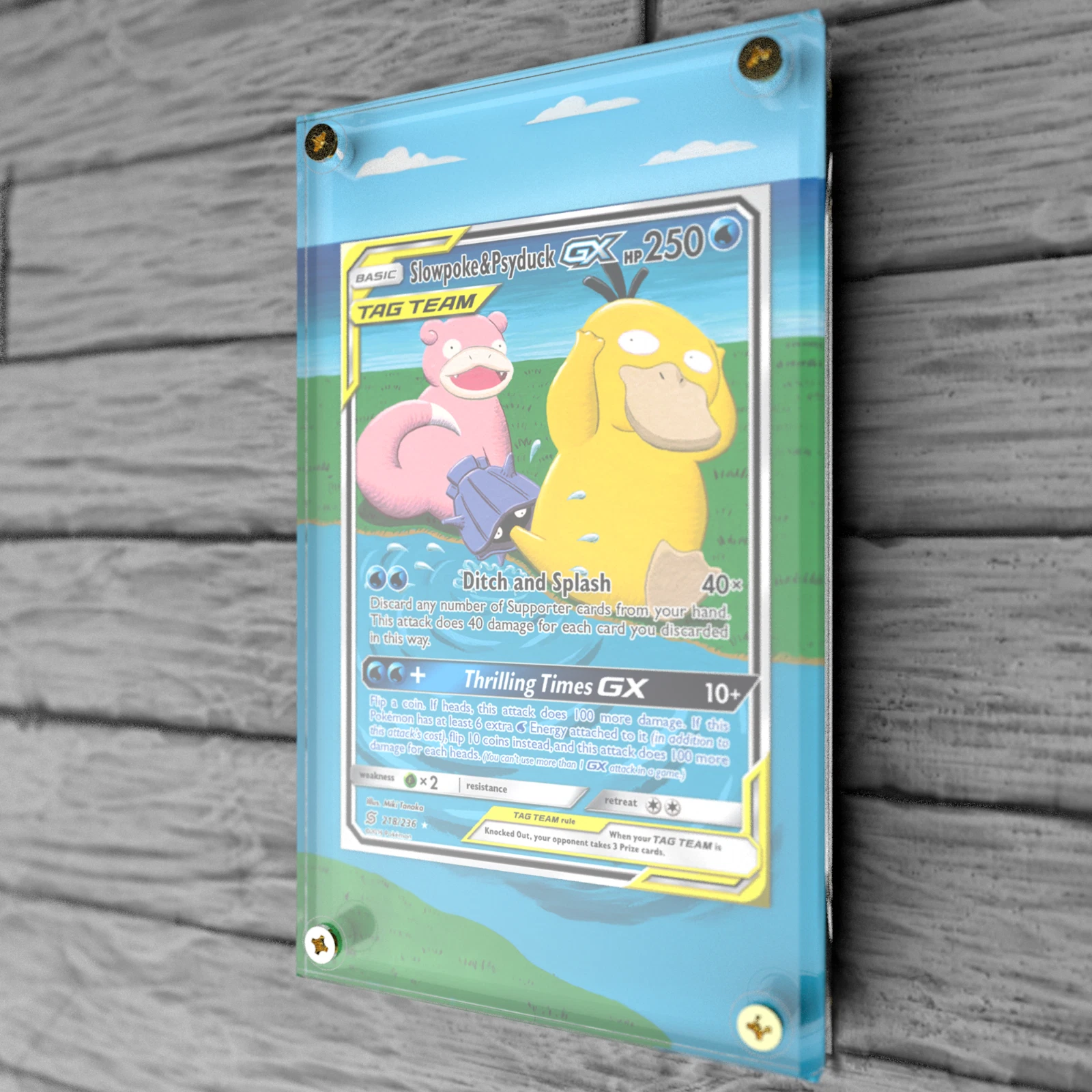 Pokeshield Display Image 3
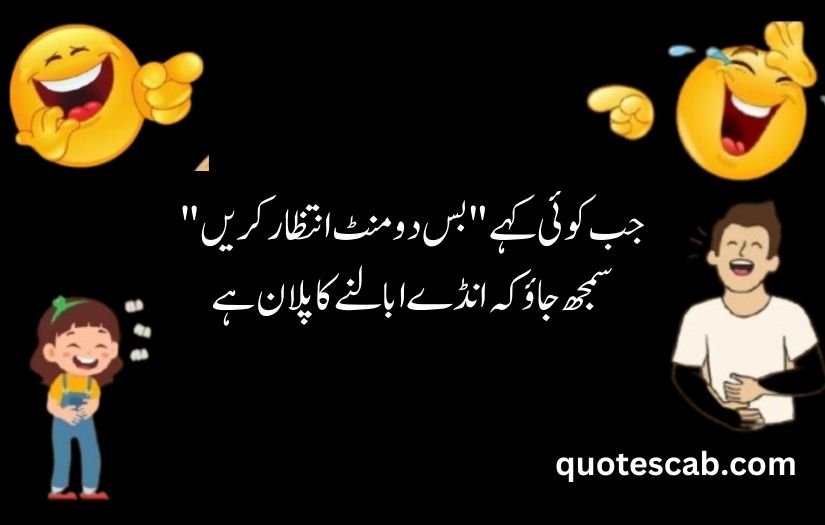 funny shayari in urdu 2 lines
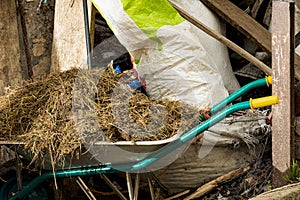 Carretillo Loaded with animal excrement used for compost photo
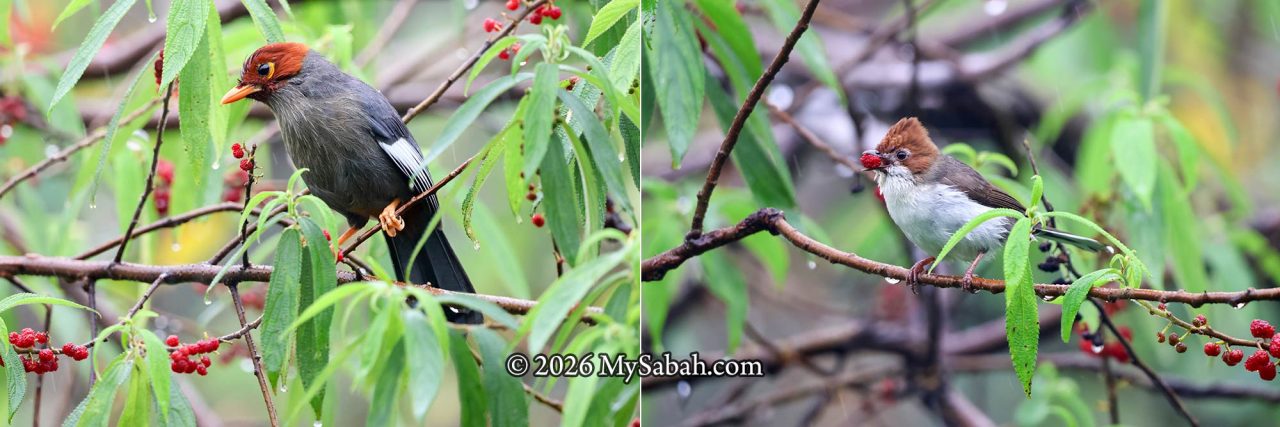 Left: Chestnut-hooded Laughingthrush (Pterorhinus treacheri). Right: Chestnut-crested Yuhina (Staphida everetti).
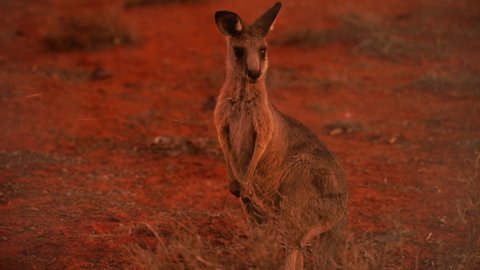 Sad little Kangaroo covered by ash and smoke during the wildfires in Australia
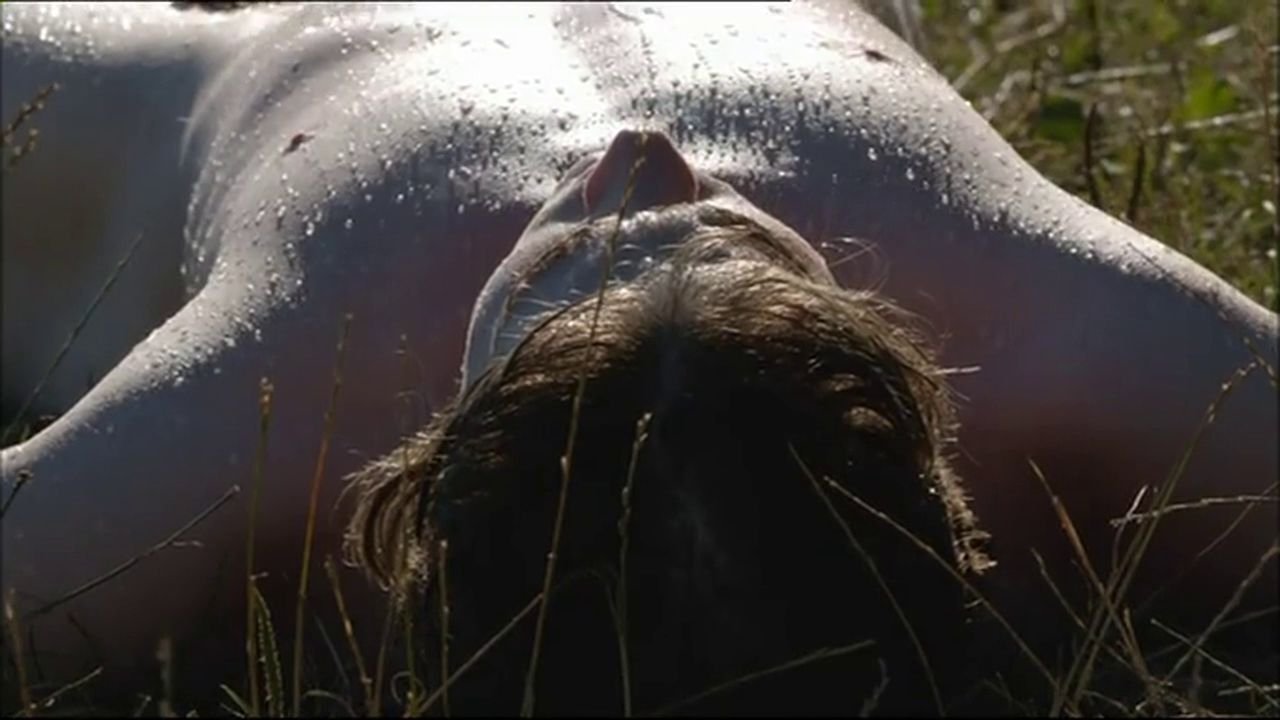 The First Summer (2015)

---*---

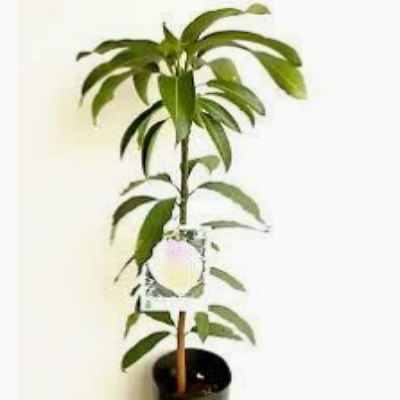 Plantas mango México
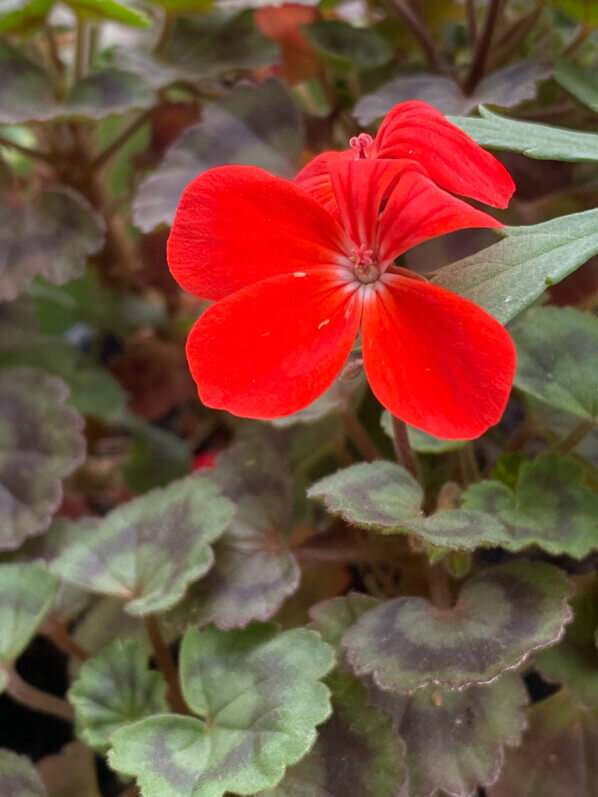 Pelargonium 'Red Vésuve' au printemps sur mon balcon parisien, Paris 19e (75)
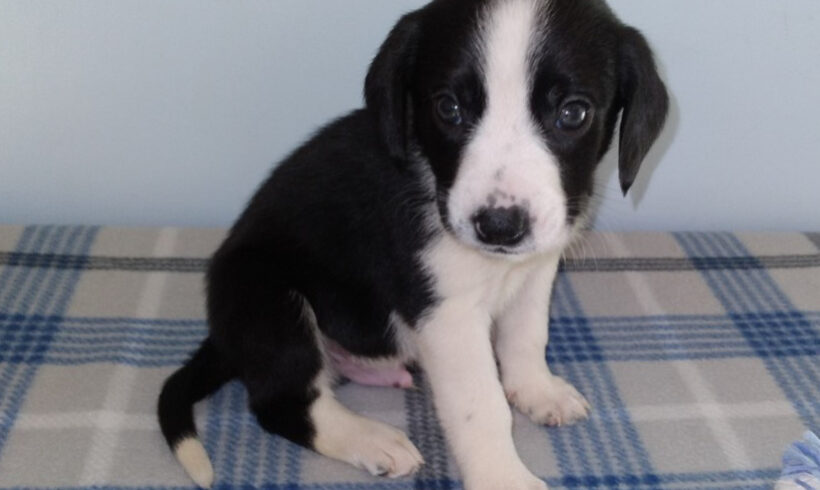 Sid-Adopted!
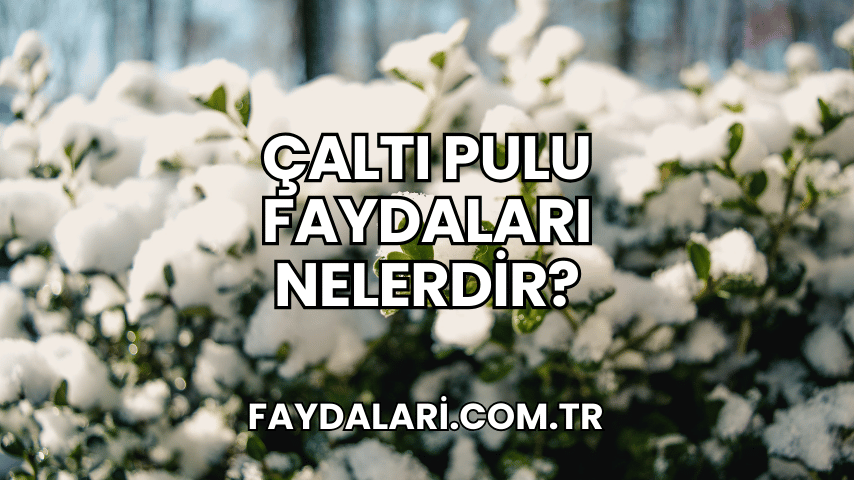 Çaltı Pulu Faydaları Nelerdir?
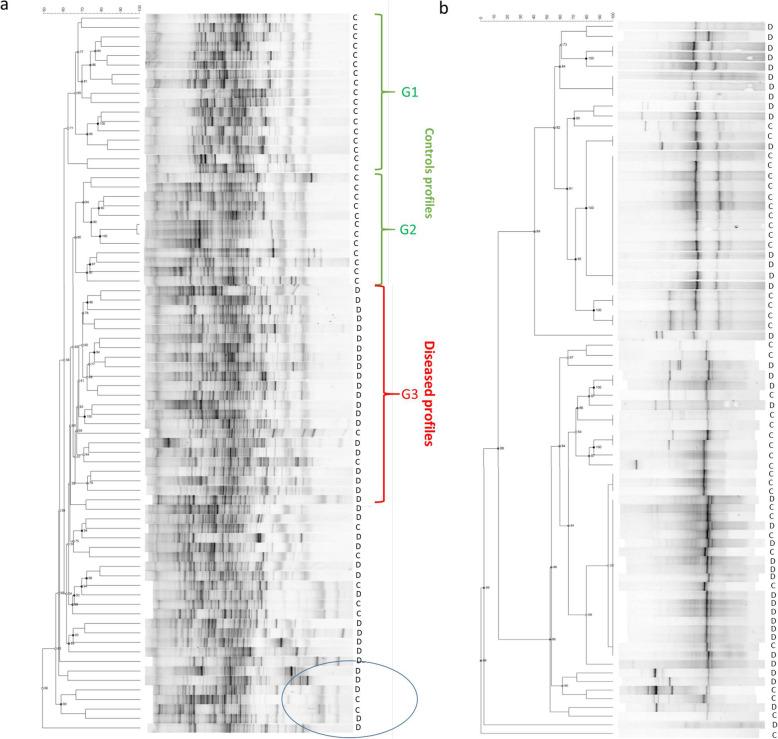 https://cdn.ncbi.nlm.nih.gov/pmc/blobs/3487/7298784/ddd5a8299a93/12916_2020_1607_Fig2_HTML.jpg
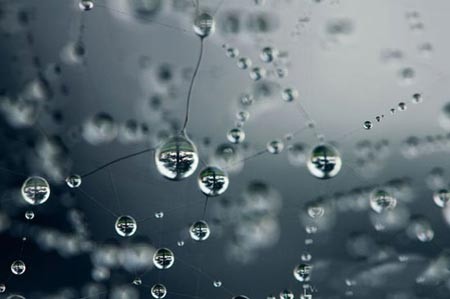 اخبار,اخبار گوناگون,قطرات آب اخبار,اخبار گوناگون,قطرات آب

---*---

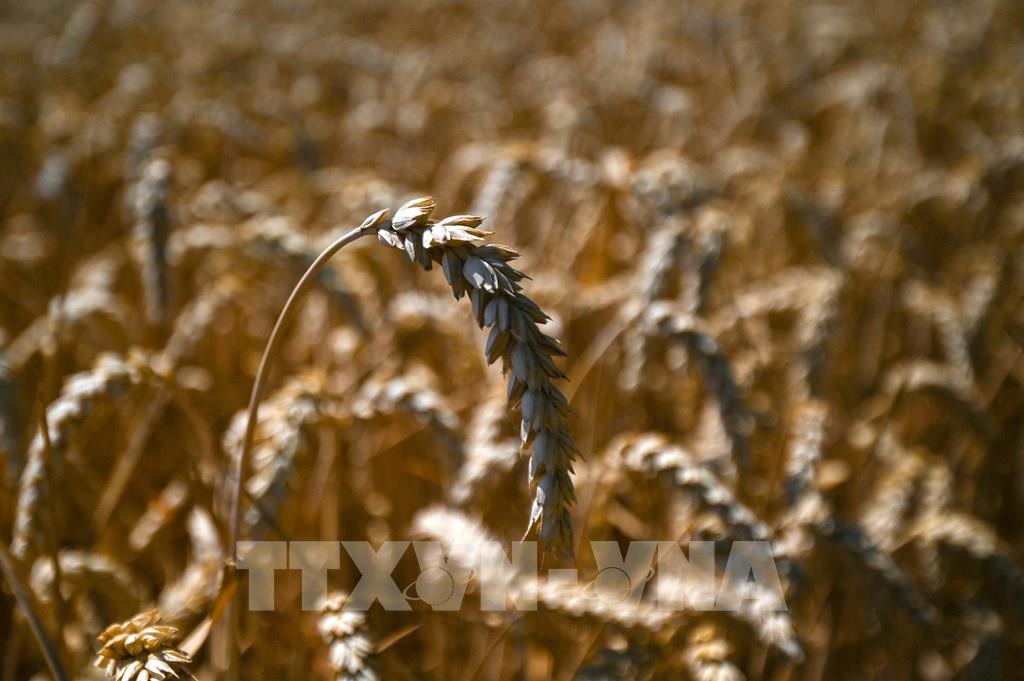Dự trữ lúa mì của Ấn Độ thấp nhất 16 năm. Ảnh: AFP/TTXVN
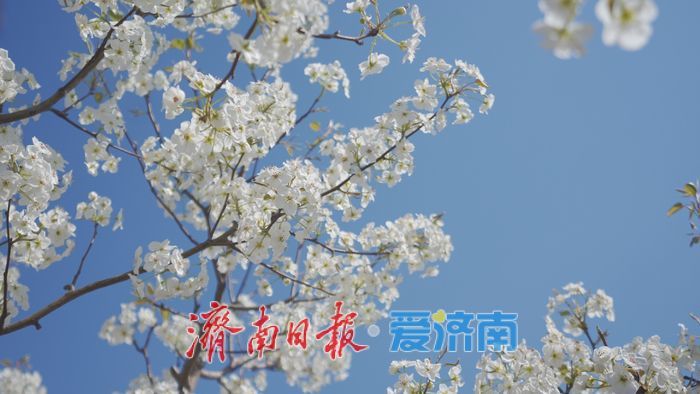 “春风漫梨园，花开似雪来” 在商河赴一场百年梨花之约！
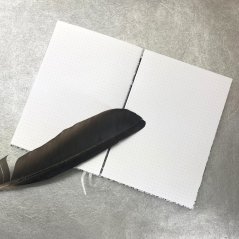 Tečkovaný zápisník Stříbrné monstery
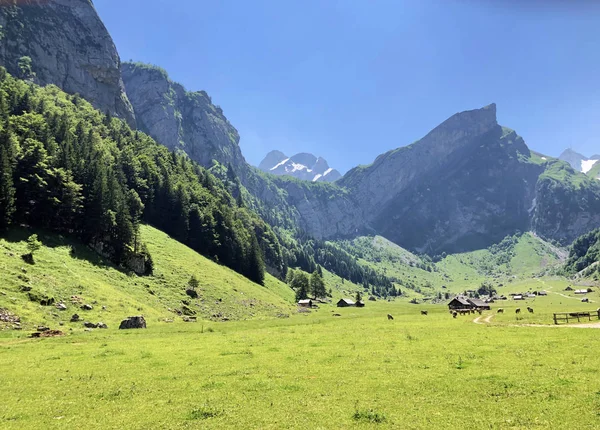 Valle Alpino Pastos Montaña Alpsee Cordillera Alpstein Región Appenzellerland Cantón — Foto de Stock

---*---

> Task directions
The stretch above running from the line with "Pokeshield Display Image 3" through the line with "The First Summer (2015)" is all you should copy, exactly, leaving out the pictures.

> Result of the task
 Pokeshield Display Image 3
 funny shayari in urdu 2 lines
 Carretillo Loaded with animal excrement used for compost photo
 Left: Chestnut-hooded Laughingthrush (Pterorhinus treacheri). Right: Chestnut-crested Yuhina (Staphida everetti).
 Sad little Kangaroo covered by ash and smoke during the wildfires in Australia
 The First Summer (2015)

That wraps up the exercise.